Why government finances are not like household budgets

   
There are many reasons that government finances are not like household budgets. I'm going to outline nine reasons, but this list is hardly exhaustive. If you put your mind to it I'm sure you could think of several more ways in which family budgets differ from national economies.

Issuing currency
The most commonly cited difference between national economies like the UK and US and ordinary family budgets is the fact that nations with central banks have the ability to create more of their own currency, while law abiding families do not have the ability to print their own money.
   
Legislative power
Another major difference between national economies and family budgets is the fact that nations have the ability to write new laws to restructure their economies, while families have to comply with laws that are imposed externally. 

Taxes
A national economy relies upon taxes imposed upon its citizens for income. A marginal rise in income taxes would increase the nation's spending power. A household budget generally relies upon wages, meaning a marginal rise in income taxes would cause a fall in family spending power. 

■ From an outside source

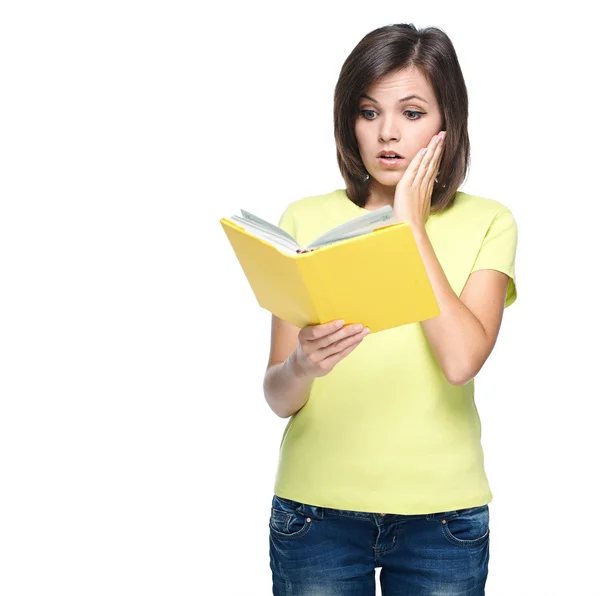 Überraschte junge Frau im gelben Hemd. liest ein gelbes Buch. — Stockfoto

Controlling interest rates

Nations with their own central banks can use monetary policy to control interest rates. For example the Bank of England has held the interest rate at an all-time record low of just 0.5% for seven long years. Families do not have any control over interest rates. 

Issuing bonds
Nations borrow money by selling bonds. In the current economic climate yields on UK government bonds are very low, but they are considered very safe investments because the UK is considered highly unlikely to go bankrupt. The majority of government bonds are held by pension funds and insurance companies. Families have no ability to issue low interest bonds to pension funds and insurance companies in order to raise money, they generally have to borrow from commercial banks, building societies, payday loan companies, or, if they're really lucky, from wealthy relatives.

Geographical constraints
The first five points have been areas in which national economies have distinct advantages over household budgets, but when it comes to location, it is clear that the family unit has a distinct advantage over the modern national economy because they have the ability to move location. If a family is struggling to make ends meet they can downsize to a smaller house, or move to a more prosperous area to seek work. Nation states cannot geographically downsize, or simply move location to a more prosperous part of the world.

Longevity
The nation state lasts an awful lot longer than the typical family unit. The United Kingdom has existed since 1707, but many of its institutions are much older. The typical family comes to an end after a few decades after the adult members die, it's assets are disbursed and its debts are written off. The only type of family that has similar longevity to nation states are royalty and the aristocracy, where land, wealth and titles are handed down the generations. The vast majority of family budgets do not benefit from enormous hereditary wealth in this way, so the comparison would be absurdly out-of-touch if Cridland is trying to draw parallels between the UK economy and the spending habits of the landed gentry.

Demographics
The typical family unit has a linear demographic progression as the members of the family grow older, until the children grow up and leave the family home, then eventually the adults retire. If nation states had similar demographics to the typical family, the majority of adolescents would emigrate, and the entire working population would retire after a few decades.

Spending
Another huge difference between a national economy and a household budget is the way that money is spent. The majority of spending a nation state does is happens internally within the national economy (investment in infrastructure and services, employment, payment of social security etc) while the majority of spending the typical family does is external and flows out of the family unit (payment of taxes and bills, buying food, fuel, clothes etc). If family budgets were like national economies as economically illiterate austerity fetishists like to claim, the majority of family spending would constitute internal investment not external spending.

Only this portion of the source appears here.